İnsaf... Bu memlekette yaşayan 67 milyon insan "koyun sürüsü" mü? Bizim kesemizden birileri hovardalık yapıyor, bizim geleceğimizi, ilgilendiren yükümlülükler altına giriyor... Bizim haberimiz yok...
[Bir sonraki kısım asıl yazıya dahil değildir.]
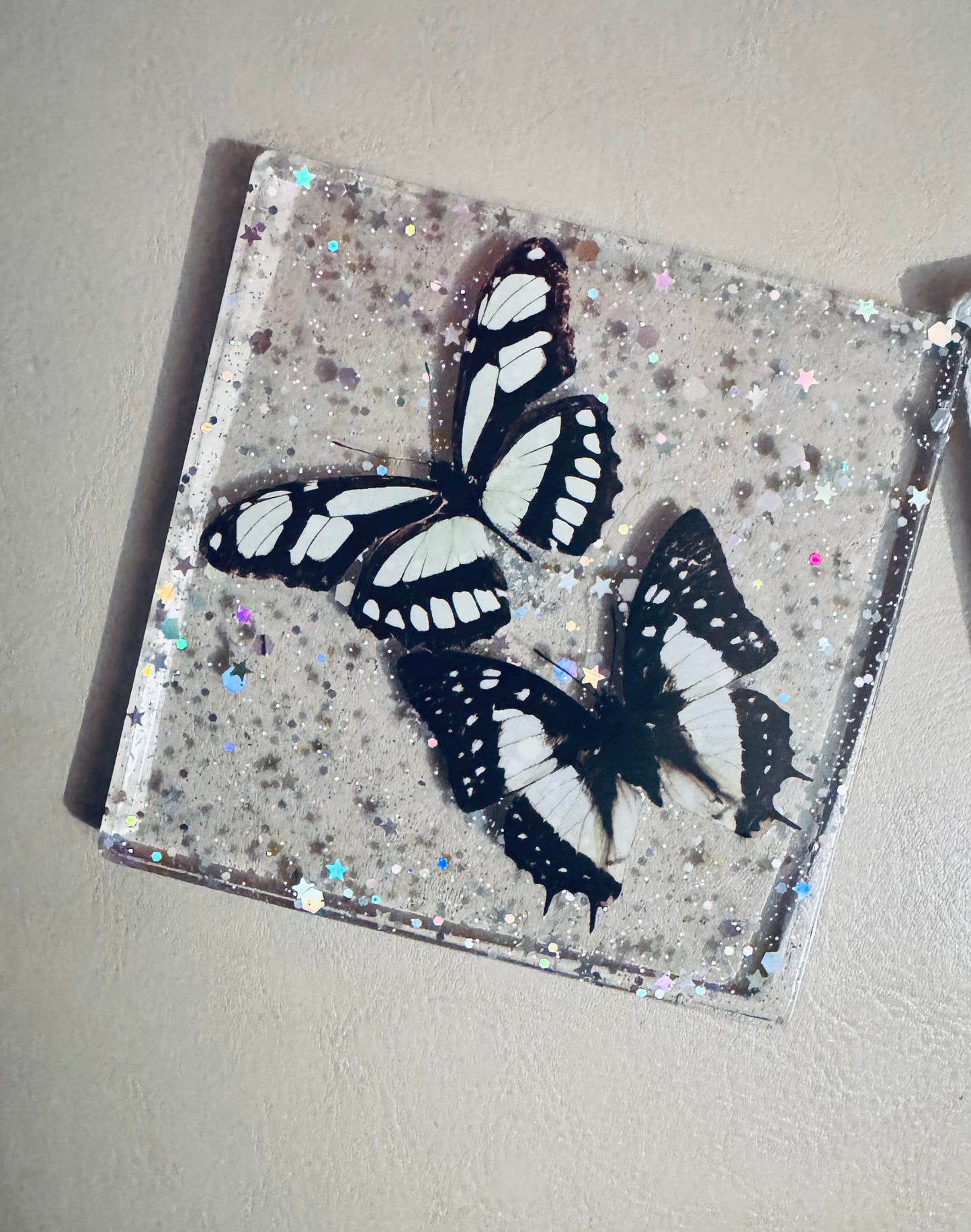 Butterfly Table Coaster set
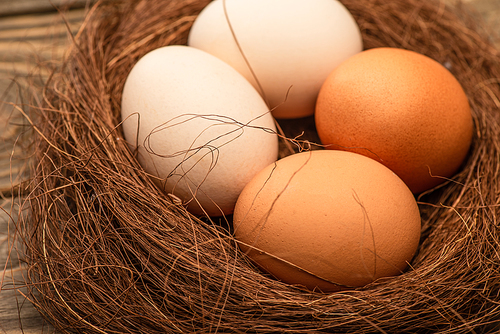 close up view of fresh chicken eggs in nest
Tekrarda yarar var: IMF’siz olmaz, ama tek başına IMF Türkiye’yi kurtaramaz. Türkiye’yi "biz" kurtarabiliriz. Bu ülkenin sorunlarını, bu sorunların çözümünü en iyi "biz" biliriz. Biz uzun vadeli strateji içinde hedeflerimizi belirlemek, bu hedeflere ulaşmak için planımızı programımızı yapmak zorundayız. Üç yıl önce IMF’ye teslim olduk. Nereye gideceğimizi bilmiyorduk. IMF bizi dolandırıp, dolandırıp daha gerilere götürdü. Üç yıl sonra ne olacak? Bize söyleyen var mı? Biz bilmiyor muyuz? Biz nereye gitmek istediğimizi, nasıl gideceğimizi belirleyelim ki, IMF bize yardımcı olsun... Türkiye’nin bugünkü durumunun sorumlusu IMF ama, IMF’ye teslim olarak koyun gibi güdümüne girmenin sorumlusu biziz!